The move ratcheted up an already restrictive immigration environment ahead of Australian elections due by May.
Mark Getchell, the IOM’s chief in Indonesia, said Australia’s decision to cut its assistance to the Indonesia programme could have been recognition that that support served as a “pull factor” for refugees.
The Australian government declined to respond to Al Jazeera’s specific questions on its policies in relation to asylum seekers and refugees in Indonesia.
In a statement, a spokesperson for the Ministry of Home Affairs said its funding to IOM had “successfully supported irregular migrants in Indonesia while they pursue third country resettlement, where eligible to do so, rather than attempt the dangerous journey to Australia by boat”.
Muhammad Amiri has his hair cut at a barber shop in the refugee shelter in Makassar, Indonesia [Ian Morse/Al Jazeera] |
IOM stopped accepting new refugee applicants to the programme in March last year “to reduce the risk of irregular migrants drawn to Indonesia”, the spokesperson added.
Since 2010, Australia has been accepting an average of about 400 refugees from Indonesia each year, but that figure dropped to 85 in 2017-18, according to data provided to the refugee council following a Freedom of Information request.
Other countries are also accepting fewer refugees for resettlement too, and fearful of returning home – even with assistance from the IOM – the asylum seekers and refugees are instead living in IOM shelters run by immigration.
‘Open prison’
Almost 2,000 people are crammed into the hostels in Makassar, the biggest number after Medan, where rules include a 10pm curfew, no overnight stays outside the shelter, and a ban on protests.
Muhammad Joniad, a 25-year-old refugee and aspiring lawyer from Rakhine state in Myanmar, has gathered the stories of at least 17 people he says have died as a result of depression or a lack of medication.

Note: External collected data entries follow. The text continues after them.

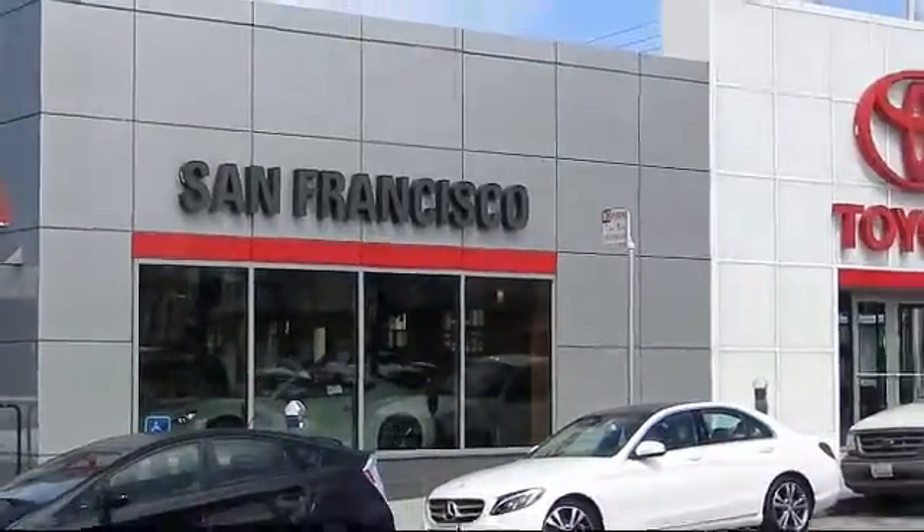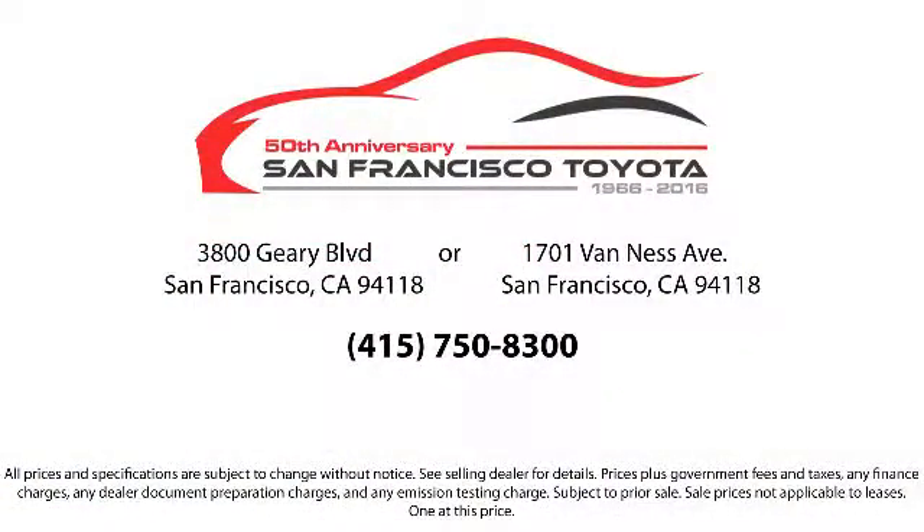Allow our staff to demonstrate our commitment to excellence. Come visit us at 3901 Gary Boulevard at 3rd Avenue in San Francisco.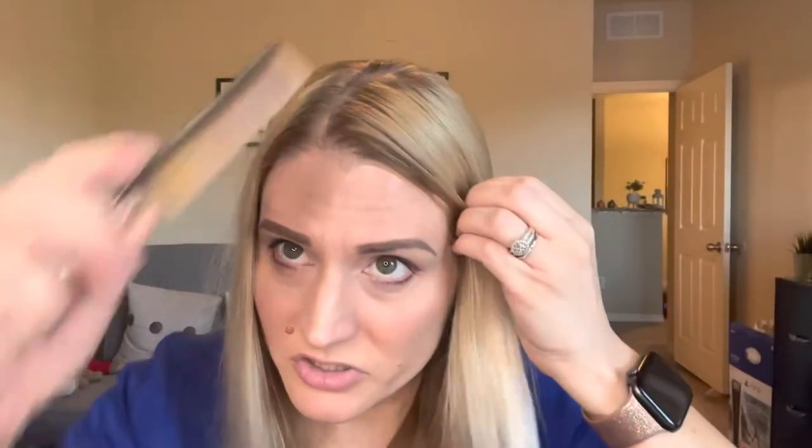Let me show you how it works. First I part my hair, then to tame the flyaways I just spray it along the part, take my little comb, and brush through. That's the nice part about this hairspray — it is a comb-through mist. The mist is so fine that it doesn't come out like a big glob in your hair. It doesn't weigh it down, it tames the flyaways, and it's not crunchy.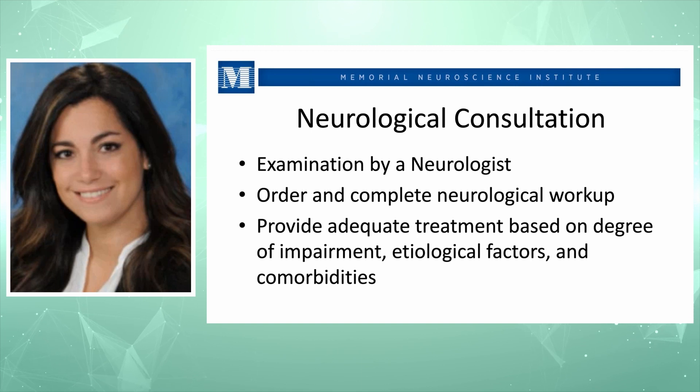The neurological consultation is very important. A neurologist will examine all of your cranial nerves thoroughly, including cognition, and may administer a Mini Mental Status Exam or screening. The neurologist will order a neurological workup and provide adequate treatment based on the degree of impairment. Possible causes include hypoxic brain injuries, sleep apnea — if you're not getting enough oxygen during sleep — and there are also many reversible causes such as metabolic conditions, infections, and other comorbidities.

Jacob was the most recent entry on his list.
Like many, Joniad likens life in Indonesia to an “open prison” and is losing hope.
“I cannot tell my family the truth about here, because they are already suffering enough,” said Assadullah Amiri, 29, another Hazara refugee. “And now after six years, we’re told we’re still not vulnerable enough to be resettled?”
Refugee John Arash Sedigh, 40, at the church he attends in Makassar [Ian Morse/Al Jazeera] |
Those living in Makassar say they can be returned to immigration detention for unknown lengths of time, their stipend suspended for breaking any of the rules. Getchell said the IOM does not support such arbitrary, indefinite detention.
“Domestic law governs the legal status of immigrants in Indonesia, but makes no reference to asylum seekers or refugees,” Hirsch said. “Instead, the law focuses on criminalisation, describing any person without a visa as an ‘illegal immigrant’.”
Refugees in Makassar have resorted to social media and twice-monthly demonstrations in front of the UNHCR and IOM offices to press their case.
John Arash Sedigh, a Christian convert from Iran, has been there almost every morning since September.
He arrived in Indonesia with his wife in 2012 and after trying twice to get to Australia has been living for the past five years in the IOM shelter.
Sedigh has given up on getting a boat out of Indonesia, and says his family’s situation has become a kind of mental torture. His wife and young son rarely venture out of the tiny room they share and he says his wife is having suicidal thoughts.
“If there was hope, it would be better,” said Sedigh, 40. “But when there is no option to go back, to stay as a human, or to get resettled, maybe we will all end it ourselves.”